WHAT IS NEEDED: Return all entries precisely as they stand, without the images.

*** Opening of EXERCISE INPUT ***

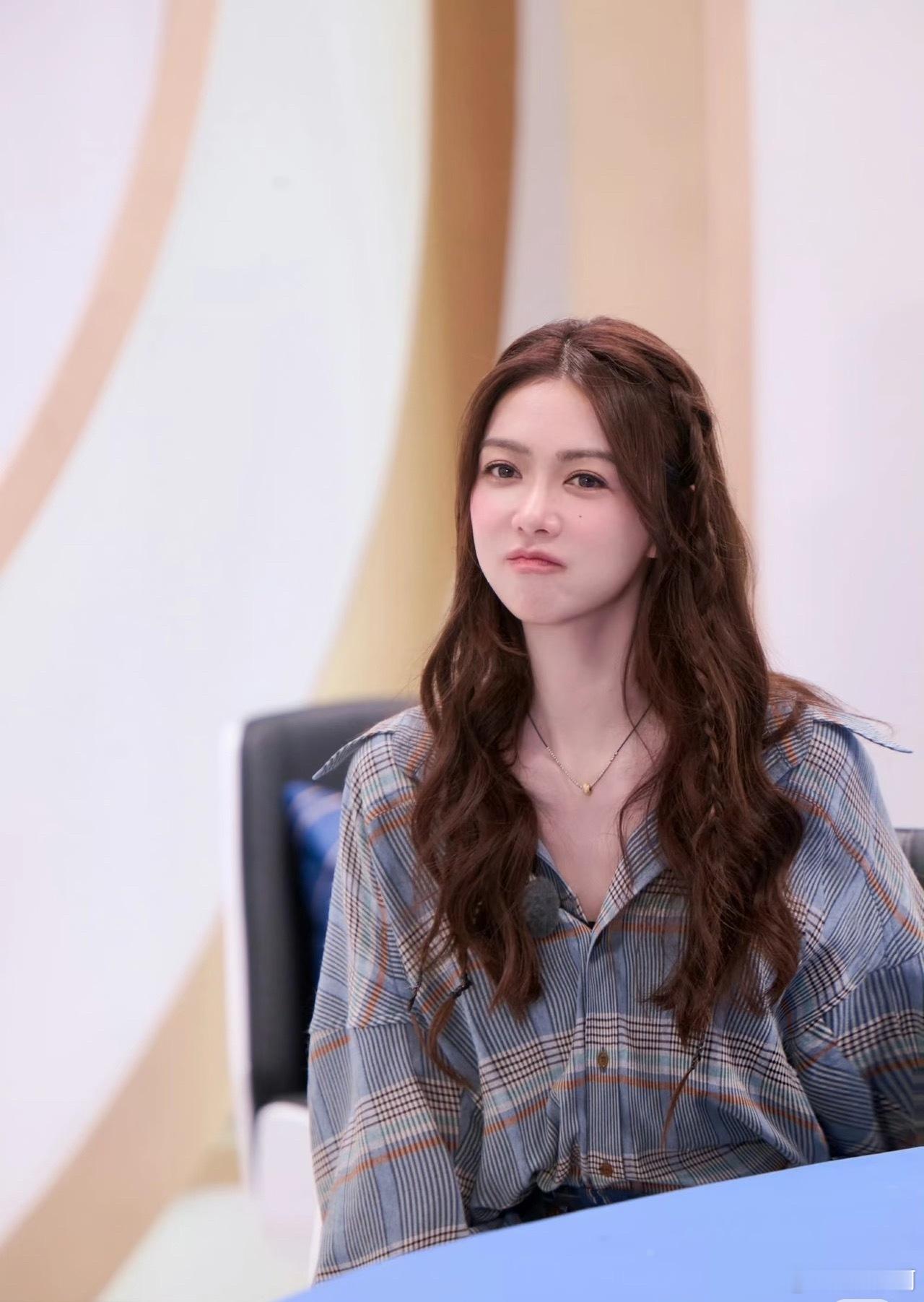 薛凯琪这状态真的绝了，越活越少女，一点不刻意，看着就特别舒服。薛凯琪 少女感以前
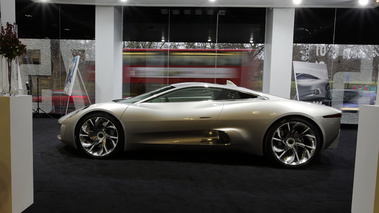 Jaguar C-X75 - London - profil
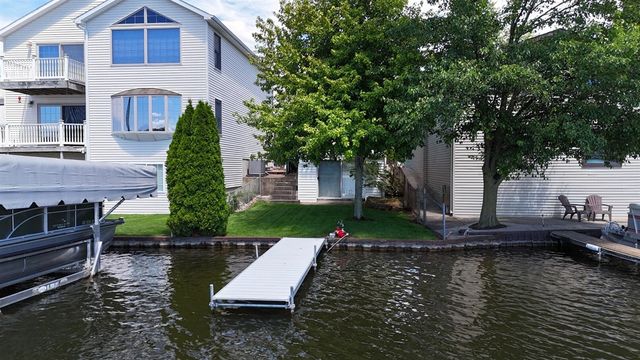 230 Duryeas Point, Michigan Center, MI 49254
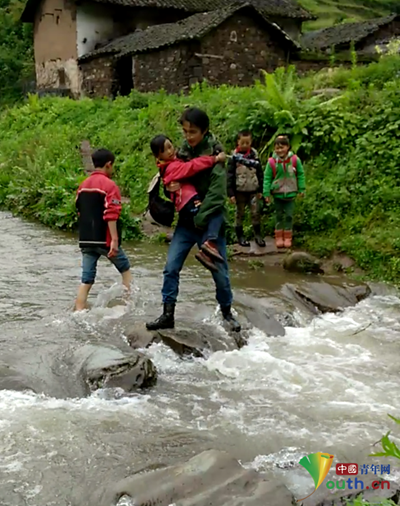 寻找身边的大学生村官典型人物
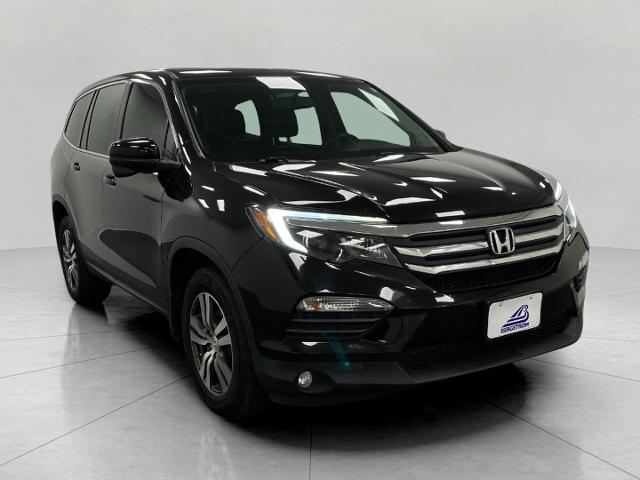 2017 Honda Pilot Vehicle Photo in Appleton, WI 54913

*** Close of EXERCISE INPUT ***

RESPONSE BELOW:
 薛凯琪这状态真的绝了，越活越少女，一点不刻意，看着就特别舒服。薛凯琪 少女感以前
 Jaguar C-X75 - London - profil
 230 Duryeas Point, Michigan Center, MI 49254
 寻找身边的大学生村官典型人物
 2017 Honda Pilot Vehicle Photo in Appleton, WI 54913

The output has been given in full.